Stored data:
● ● ● ● ● ● ●

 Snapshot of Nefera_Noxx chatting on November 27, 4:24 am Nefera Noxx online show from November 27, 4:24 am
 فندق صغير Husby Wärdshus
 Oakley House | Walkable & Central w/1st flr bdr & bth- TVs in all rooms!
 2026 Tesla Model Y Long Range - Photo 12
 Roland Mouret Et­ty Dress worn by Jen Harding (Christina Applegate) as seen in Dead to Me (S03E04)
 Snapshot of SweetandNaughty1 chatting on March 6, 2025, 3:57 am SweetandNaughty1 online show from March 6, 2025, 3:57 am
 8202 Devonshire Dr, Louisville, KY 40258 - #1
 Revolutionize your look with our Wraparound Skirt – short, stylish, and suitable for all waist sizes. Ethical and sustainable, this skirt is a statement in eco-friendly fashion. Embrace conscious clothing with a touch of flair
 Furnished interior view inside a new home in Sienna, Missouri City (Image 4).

● ● ● ● ● ● ●

== EXERCISE AIM ==
Lines in the data that hold "show" must be located and copied.

== ANSWER BELOW ==
 Snapshot of Nefera_Noxx chatting on November 27, 4:24 am Nefera Noxx online show from November 27, 4:24 am
 Snapshot of SweetandNaughty1 chatting on March 6, 2025, 3:57 am SweetandNaughty1 online show from March 6, 2025, 3:57 am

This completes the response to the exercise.